The paper also predicts a smaller, but still significant, increase in the frequency of extremely dry years. Seasons like the ones that parched Southern California in 1976–77 and 2013–14 would increase by 50 to 100 percent.
Whiplash and wildfire
Another of the paper’s key findings is a projected increase in what the authors refer to as “climate whiplash” — transitions from very wet to very dry weather — similar to what California experienced from 2016 to 2017. The authors project that the frequency of such abrupt transitions will increase by 50 to 100 percent, with the greatest number of abrupt changes in Southern California.
The whiplash effect will be compounded by more-concentrated wet and dry seasons.
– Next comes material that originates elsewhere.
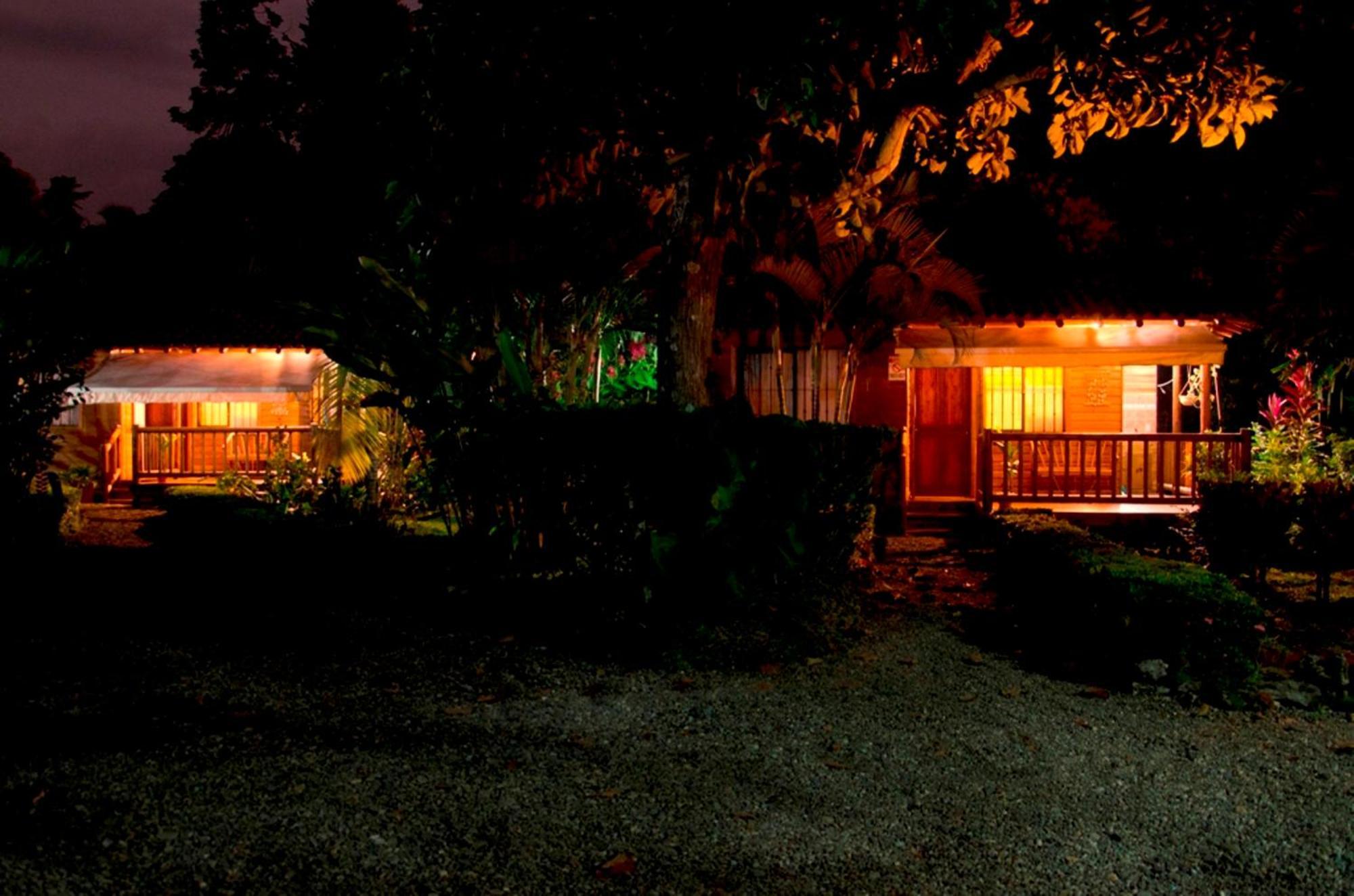 Casa Marcellino Lodge Cahuita Bagian luar foto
Instead of the sporadic rains that mark the gradual onset of autumn and tapering off of spring, California will likely have a larger percentage of its annual precipitation fall during a narrower window, from December to March.
That kind of weather pattern can help create conditions that are especially favorable for wildfires, with parched vegetation remaining dry into October and November, which historically has been the early part of the rainy season. If that happens, dry vegetation would be more likely to coincide with warm, dry Santa Ana winds — which reach peak intensity in November and December — turning swaths of the state into dangerous tinderboxes.
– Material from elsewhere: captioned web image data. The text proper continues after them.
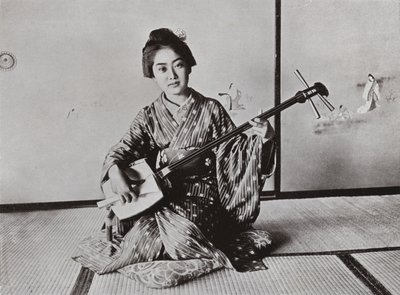 Una Geisha che suona il Samisen da Herbert Ponting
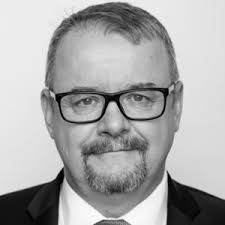 W 2002 został absolwentem uniwersytetu mendla w brnie, na którym studiował administrację publiczną, finanse. Robert Plaga Mezinarodni Konference Digitalni Cesko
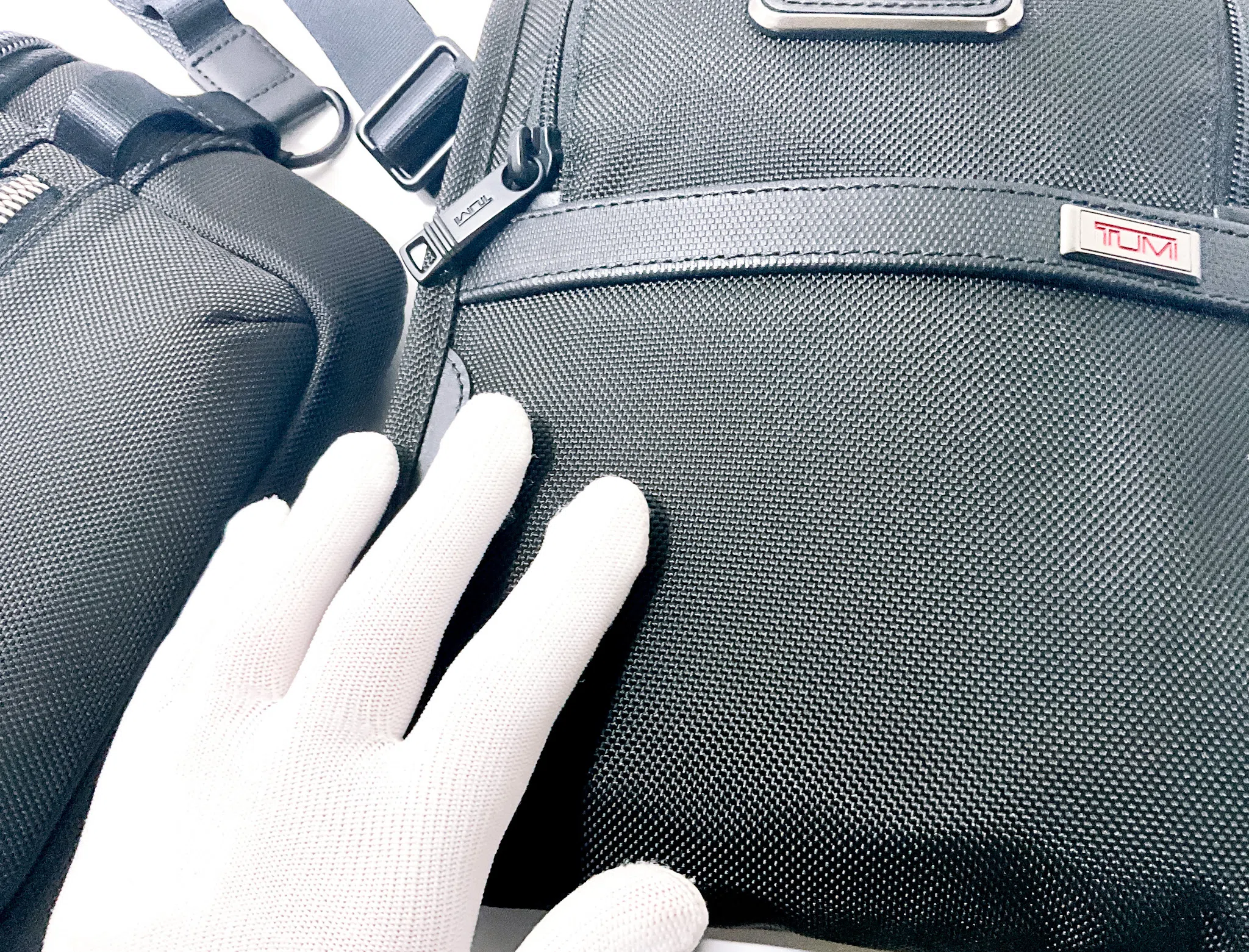 TUMI】「FXTバリスティックナイロン」と「リサイクルバリスティック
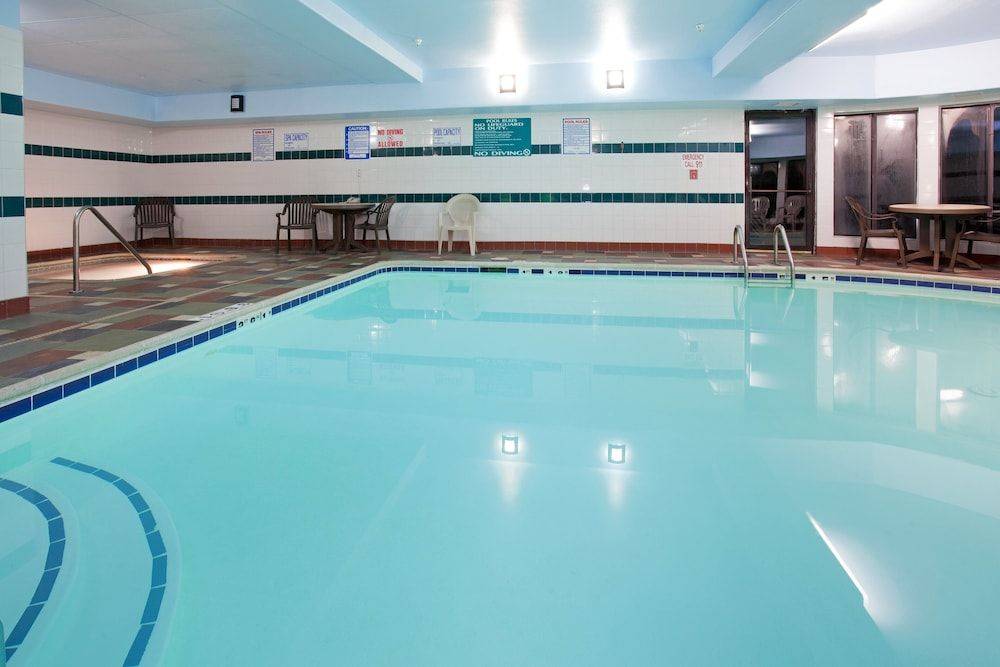 Holiday Inn Express & Suites COLORADO SPRINGS NORTH by IHG 1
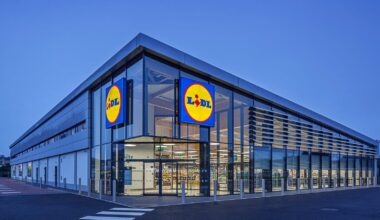 Lidl Ireland announces new price cuts on milk and butter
(The researchers wrote that these were contributing factors in the December 2017 Thomas Fire, the largest in the state’s recorded history. That fire was also followed by intense rain that caused mudslides in Montecito, which killed 20 people.)
“The most dangerous combination historically is in September and October, when it’s really dry but the winds are starting to pick up,” Swain said. “What if it had started raining in October or November? Would the Thomas Fire have even broken out? Would it have burned so quickly? Or so intensely? The lack of autumn rains last year were a big part of the equation.”
Swain plans to travel to Sacramento to discuss the findings with representatives of the state water board and the Public Policy Institute of California. The message he will send has many facets, but one central theme.
“People who focus on precipitation averages aren’t wrong,” Swain said. “But they’re missing key aspects of our future climate — arguably the things that matter most if we want to maintain resilience and prevent harm in a warming world.”